An instance of the analysis class is created as follows.

dataset_path = path.join("dataset", "example_1d", "gaussian_x1")
data = af.util.numpy_array_from_json(file_path=path.join(dataset_path, "data.json"))
noise_map = af.util.numpy_array_from_json(
    file_path=path.join(dataset_path, "noise_map.json")
)

analysis = Analysis(data=data, noise_map=noise_map)

Customization#

The Analysis class can be fully customized to be suitable for your model-fit.

For example, additional inputs can be included in the __init__ constructor and used in the log_likelihood_function. if they are required for your log_likelihood_function to work.

The example below includes three additional inputs:

  • Instead of inputting a noise_map, a noise_covariance_matrix is input, which means that corrrlated noise is

    accounted for in the log_likelihood_function.
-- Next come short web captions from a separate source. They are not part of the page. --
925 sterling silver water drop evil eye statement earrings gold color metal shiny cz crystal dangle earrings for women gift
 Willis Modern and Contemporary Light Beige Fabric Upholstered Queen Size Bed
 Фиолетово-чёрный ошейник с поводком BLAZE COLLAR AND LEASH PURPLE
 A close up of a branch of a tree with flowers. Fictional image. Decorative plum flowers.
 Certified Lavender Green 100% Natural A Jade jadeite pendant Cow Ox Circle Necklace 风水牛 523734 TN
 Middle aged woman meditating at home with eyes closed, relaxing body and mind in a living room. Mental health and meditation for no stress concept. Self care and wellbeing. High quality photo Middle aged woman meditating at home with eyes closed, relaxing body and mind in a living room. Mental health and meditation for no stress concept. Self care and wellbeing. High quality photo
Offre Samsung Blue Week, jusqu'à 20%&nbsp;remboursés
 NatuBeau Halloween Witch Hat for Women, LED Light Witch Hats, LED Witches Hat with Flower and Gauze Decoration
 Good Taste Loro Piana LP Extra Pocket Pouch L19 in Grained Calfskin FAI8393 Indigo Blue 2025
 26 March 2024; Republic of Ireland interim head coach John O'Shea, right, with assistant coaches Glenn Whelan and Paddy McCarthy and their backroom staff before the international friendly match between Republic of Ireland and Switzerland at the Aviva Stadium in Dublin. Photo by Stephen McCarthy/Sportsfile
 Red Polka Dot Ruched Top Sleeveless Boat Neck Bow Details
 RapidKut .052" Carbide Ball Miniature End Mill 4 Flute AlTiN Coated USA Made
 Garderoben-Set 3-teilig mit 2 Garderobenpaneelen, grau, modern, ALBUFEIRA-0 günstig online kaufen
  • A mask is input which masks the data such that certain data points are omitted from the log likelihood

  • A kernel is input which can account for certain blurring operations during data acquisition.

class Analysis(af.Analysis):
    def __init__(
            self,
            data: np.ndarray,
            noise_covariance_matrix: np.ndarray,
            mask: np.ndarray,
            kernel: np.ndarray
    ):
        """
        The `Analysis` class which has had its inputs edited for a different model-fit.

        Parameters
        ----------
        data
            A 1D numpy array containing the data (e.g. a noisy 1D signal) fitted
            in the workspace examples.
        noise_covariance_matrix
            A 2D numpy array containing the noise values and their covariances
            for the data, used for computing the
            goodness of fit whilst accounting for correlated noise.
        mask
            A 1D numpy array containing a mask, where `True` values mean a data
            point is masked and is omitted from
            the log likelihood.
        kernel
            A 1D numpy array containing the blurring kernel of the data, used
            for creating the model data.
        """
        super().__init__()

        self.data = data
        self.noise_covariance_matrix = noise_covariance_matrix
        self.mask = mask
        self.kernel = kernel

    def log_likelihood_function(self, instance) -> float:
        """
        The `log_likelihood_function` now has access to
        the  `noise_covariance_matrix`, `mask` and `kernel`, input above.
        """
        print(self.noise_covariance_matrix)
        print(self.mask)
        print(self.kernel)

        """
        We do not provide a specific example of how to use these inputs
        in the `log_likelihood_function` as they are specific to your
        model fitting problem.

        The key point is that any inputs required to compute the log
        likelihood can be passed into the `__init__` constructor of the
        `Analysis` class and used in the `log_likelihood_function`.
        """

        log_likelihood = None

        return log_likelihood

An instance of the analysis class is created as follows.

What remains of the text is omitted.